ACTIVITY: Below is a block of entries; repeat exactly the lines starting at the line that contains "Sumeeth Reddy" and ending at the line that contains "Sabha: Age of Juvenile for trial purposes has", both included.

- - -

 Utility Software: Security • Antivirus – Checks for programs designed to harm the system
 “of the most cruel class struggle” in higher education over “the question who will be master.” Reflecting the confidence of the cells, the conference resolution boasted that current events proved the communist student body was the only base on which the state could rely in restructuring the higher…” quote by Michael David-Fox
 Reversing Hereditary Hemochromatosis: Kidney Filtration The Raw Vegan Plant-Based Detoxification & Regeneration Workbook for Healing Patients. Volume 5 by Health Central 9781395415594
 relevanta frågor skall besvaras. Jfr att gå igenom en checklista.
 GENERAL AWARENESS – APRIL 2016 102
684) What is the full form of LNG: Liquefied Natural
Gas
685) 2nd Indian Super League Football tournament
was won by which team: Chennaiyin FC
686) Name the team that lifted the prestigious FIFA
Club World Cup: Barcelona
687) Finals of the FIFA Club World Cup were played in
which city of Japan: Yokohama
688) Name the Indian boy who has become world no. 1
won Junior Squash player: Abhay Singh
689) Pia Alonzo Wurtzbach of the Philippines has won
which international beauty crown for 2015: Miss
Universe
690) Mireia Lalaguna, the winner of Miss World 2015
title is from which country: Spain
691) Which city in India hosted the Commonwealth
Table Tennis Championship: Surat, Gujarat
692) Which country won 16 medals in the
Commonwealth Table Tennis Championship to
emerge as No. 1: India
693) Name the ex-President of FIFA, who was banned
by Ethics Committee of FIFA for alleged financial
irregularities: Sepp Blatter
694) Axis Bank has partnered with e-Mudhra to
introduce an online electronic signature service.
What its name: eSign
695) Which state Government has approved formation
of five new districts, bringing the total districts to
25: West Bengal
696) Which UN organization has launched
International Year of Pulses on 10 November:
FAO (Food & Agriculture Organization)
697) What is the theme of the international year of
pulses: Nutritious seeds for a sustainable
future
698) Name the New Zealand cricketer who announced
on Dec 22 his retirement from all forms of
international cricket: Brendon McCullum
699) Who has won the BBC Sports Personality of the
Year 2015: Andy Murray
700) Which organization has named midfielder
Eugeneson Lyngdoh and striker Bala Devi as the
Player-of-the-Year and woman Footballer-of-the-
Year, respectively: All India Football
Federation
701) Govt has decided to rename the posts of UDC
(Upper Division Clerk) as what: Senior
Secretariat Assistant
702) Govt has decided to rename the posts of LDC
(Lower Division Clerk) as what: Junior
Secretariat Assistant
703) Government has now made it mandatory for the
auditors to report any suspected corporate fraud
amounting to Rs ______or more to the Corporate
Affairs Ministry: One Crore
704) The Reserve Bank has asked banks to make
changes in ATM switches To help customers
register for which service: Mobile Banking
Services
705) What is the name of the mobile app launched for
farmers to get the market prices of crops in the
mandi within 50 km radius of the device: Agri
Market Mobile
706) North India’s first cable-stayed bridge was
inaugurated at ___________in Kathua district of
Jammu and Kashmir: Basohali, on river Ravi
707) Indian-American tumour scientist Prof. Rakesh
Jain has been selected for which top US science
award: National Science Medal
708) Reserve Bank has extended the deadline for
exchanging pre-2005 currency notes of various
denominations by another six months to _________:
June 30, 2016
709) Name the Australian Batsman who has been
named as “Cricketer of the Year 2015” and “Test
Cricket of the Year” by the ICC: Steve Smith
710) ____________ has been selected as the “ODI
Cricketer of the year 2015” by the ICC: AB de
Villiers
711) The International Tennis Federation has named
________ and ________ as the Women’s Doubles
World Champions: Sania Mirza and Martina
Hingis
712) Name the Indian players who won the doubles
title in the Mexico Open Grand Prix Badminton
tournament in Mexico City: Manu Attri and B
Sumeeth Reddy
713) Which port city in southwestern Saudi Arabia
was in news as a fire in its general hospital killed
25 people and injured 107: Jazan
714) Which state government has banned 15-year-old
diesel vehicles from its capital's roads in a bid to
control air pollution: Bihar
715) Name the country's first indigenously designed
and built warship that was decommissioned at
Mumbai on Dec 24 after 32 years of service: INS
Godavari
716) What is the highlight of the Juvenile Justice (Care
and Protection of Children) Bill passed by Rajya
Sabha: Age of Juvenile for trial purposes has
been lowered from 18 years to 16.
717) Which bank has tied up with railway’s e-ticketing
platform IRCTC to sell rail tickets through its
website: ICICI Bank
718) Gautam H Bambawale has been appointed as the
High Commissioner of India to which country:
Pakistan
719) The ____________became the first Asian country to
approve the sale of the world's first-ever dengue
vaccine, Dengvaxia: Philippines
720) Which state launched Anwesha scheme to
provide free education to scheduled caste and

- - -

TASK ANSWER:
Sumeeth Reddy
713) Which port city in southwestern Saudi Arabia
was in news as a fire in its general hospital killed
25 people and injured 107: Jazan
714) Which state government has banned 15-year-old
diesel vehicles from its capital's roads in a bid to
control air pollution: Bihar
715) Name the country's first indigenously designed
and built warship that was decommissioned at
Mumbai on Dec 24 after 32 years of service: INS
Godavari
716) What is the highlight of the Juvenile Justice (Care
and Protection of Children) Bill passed by Rajya
Sabha: Age of Juvenile for trial purposes has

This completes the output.